By 1857, two warehouses, a storehouse, men’s quarters and officers’ lodgings were built of hewn and squared logs within a fence of rough pickets. An Indian village of two to three hundred people camped nearby. Known first as Fort Pend d’Oreille, it was named Fort Shepherd in 1859, presumably in honor of John Shepherd, Governor of the Hudson’s Bay Company (1856-58) whose death occurred in that year.
During the 1860’s gold was found in the East Kootenay at Wild Horse. Fort Shepherd became a depot on the trail built by Edgar Dewdney from Hope to the goldfields. By 1866 the shallow diggings at Wild Horse had been exhausted and a new strike drew adventurers to creeks in the Big Bend area of the Columbia River. The bulk of the freight and passengers went up the Fraser and then overland but a considerable number of gold-seekers hired boats and canoes to travel from Colville up the Columbia.
During the years gold mining was carried on spasmodically along the Pend d’Oreille and the first steamboat to pass Trail Creek appeared in 1865. In the same year the Dewdney Trail was completed. This trail was intended by James Douglas, British Columbia’s first governor, to be an all Canadian route from the coast to the interior for the benefit of miners and settlers, and joined the water route at the mouth of Trail Creek.

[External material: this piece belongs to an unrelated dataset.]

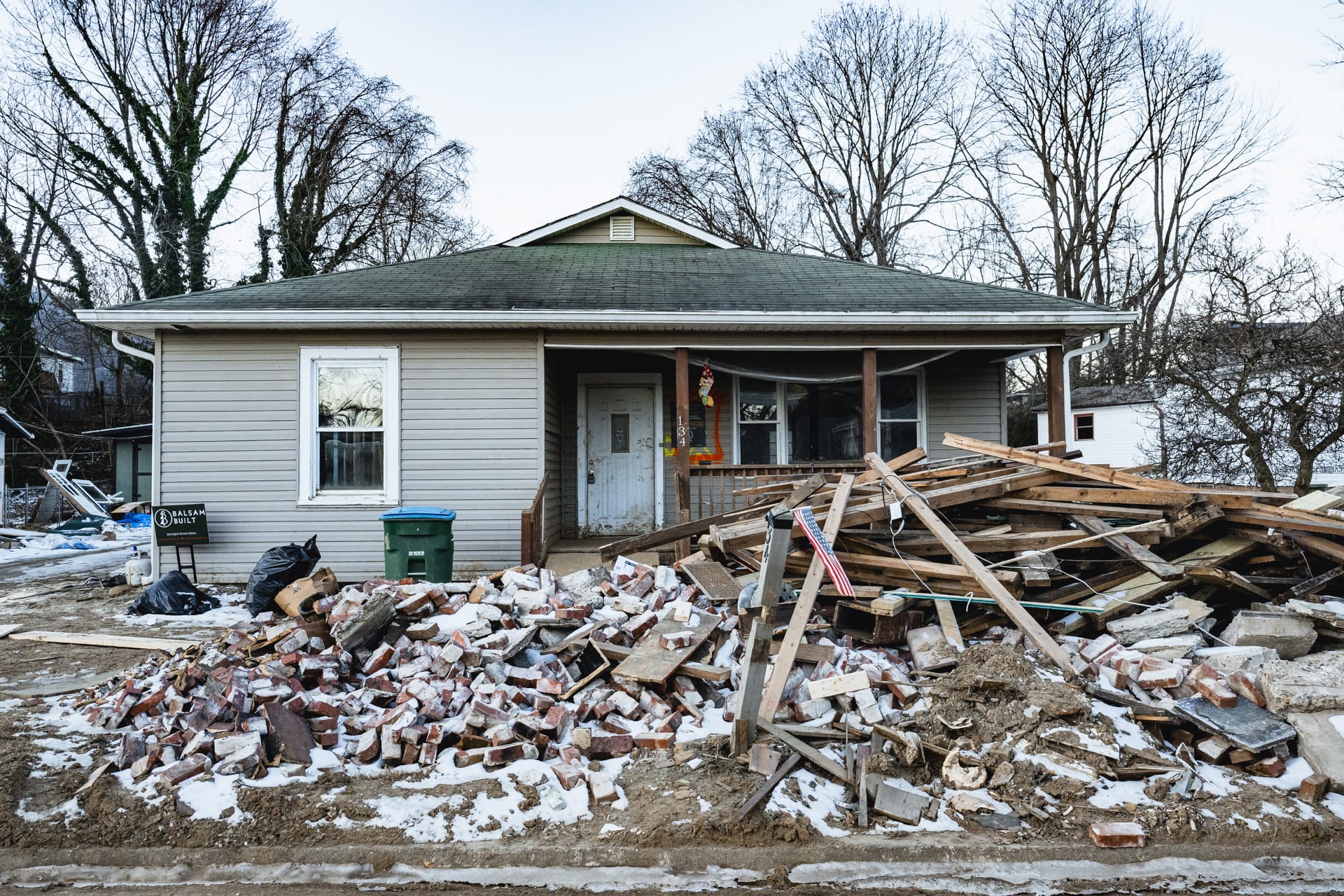 Shown: Catherine and Jeremy's house. The family left ahead of the storm. By the next morning, they could see from a distance that the home was the submerged to the gutters. | Fiasco Media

Now adventurers were arriving by river and land route, lured by the tales of gold in the mountains and along the river banks. In 1890, the Centre Star and Le Roi claims were located and a growing stream of prospectors wound its way to Rossland. By this time the Dewdney Trail had fallen into disuse and all traffic was by boat, and in Trail the first permanent structure was built by Col. E. S. Topping and Mr. Frank Hannah.